Exercise brief —
Reproduce each line below precisely. Drop the pictures.

Input data —
^^^^
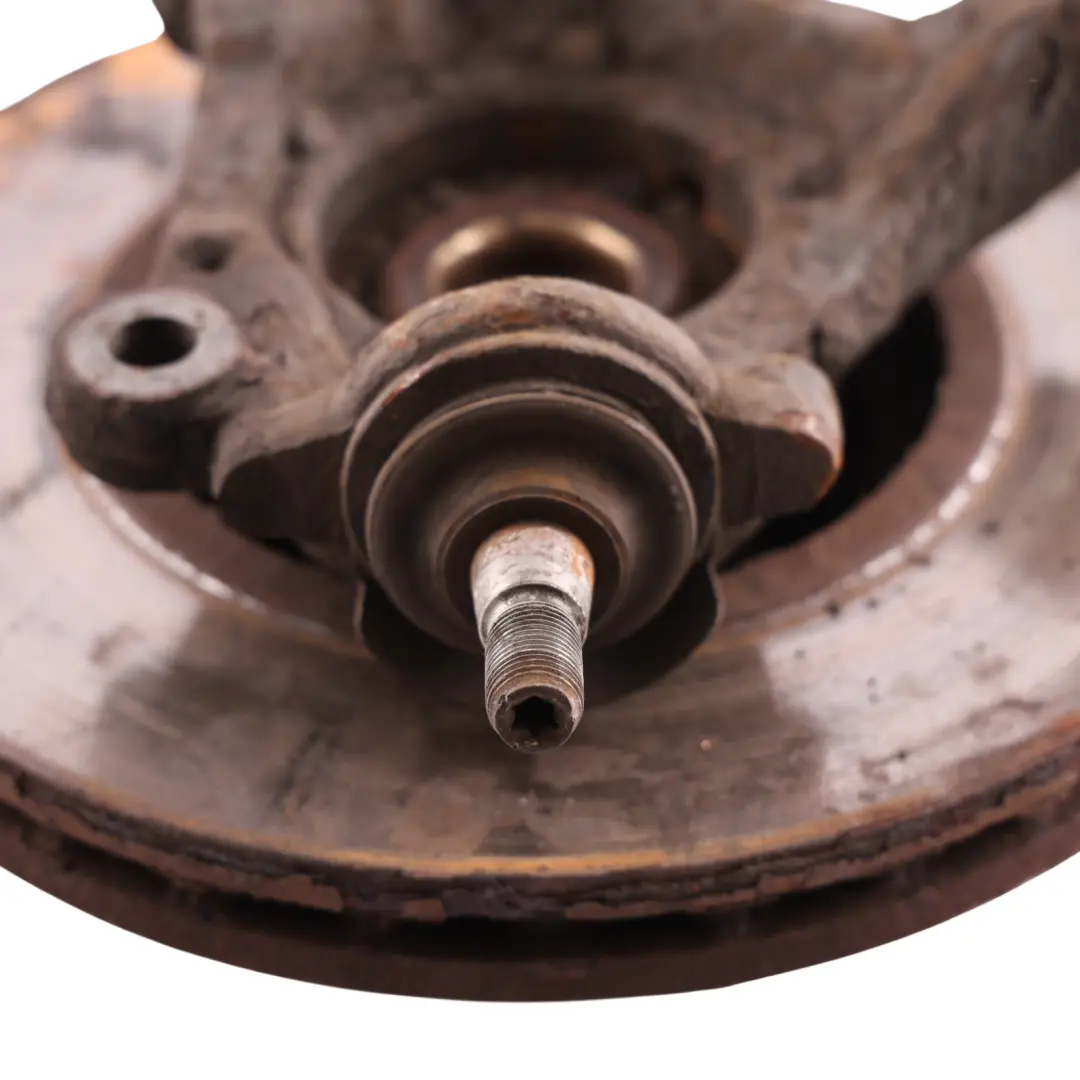 MK8 Buje Mangueta Disco Freno Delantero Derecho GK29-3K185-AB para Ford Transit con número de pieza 2848286 Ford Transit MK8 Buje Mangueta Disco Freno Delantero Derecho GK29-3K185-AB - SKU 2848286 - Número de pieza 2848286
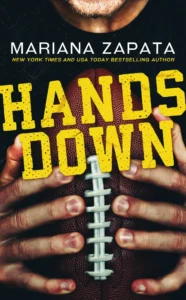 Featured image for Resumen de "Hands Down" por Mariana Zapata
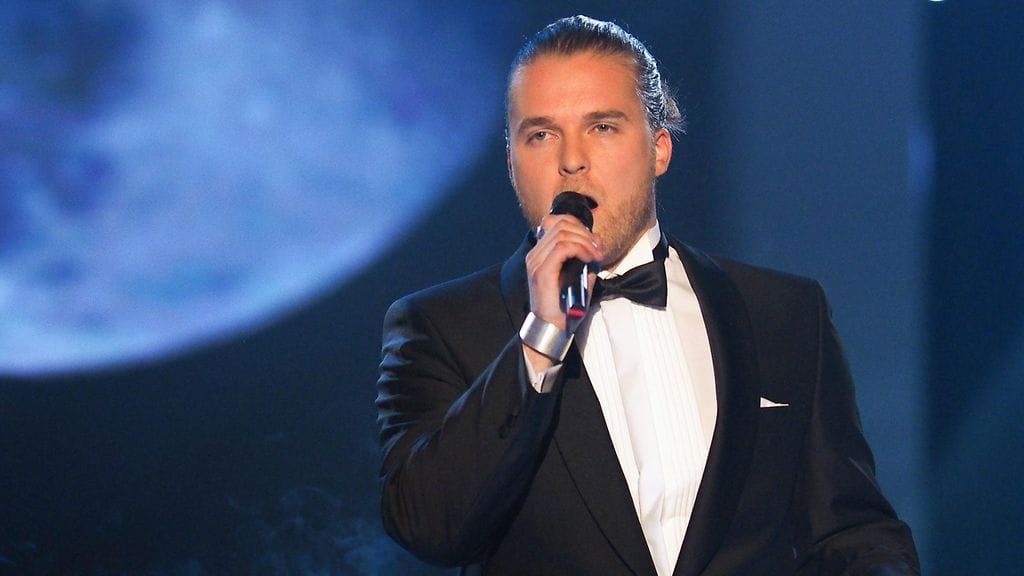 Teemu Roivainen Tangomarkkinoilla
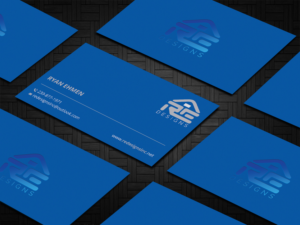 Business Card Design by DesignShout for 5th Avenue Realty | Design: #26768142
^^^^
Expected answer —
 MK8 Buje Mangueta Disco Freno Delantero Derecho GK29-3K185-AB para Ford Transit con número de pieza 2848286 Ford Transit MK8 Buje Mangueta Disco Freno Delantero Derecho GK29-3K185-AB - SKU 2848286 - Número de pieza 2848286
 Featured image for Resumen de "Hands Down" por Mariana Zapata
 Teemu Roivainen Tangomarkkinoilla
 Business Card Design by DesignShout for 5th Avenue Realty | Design: #26768142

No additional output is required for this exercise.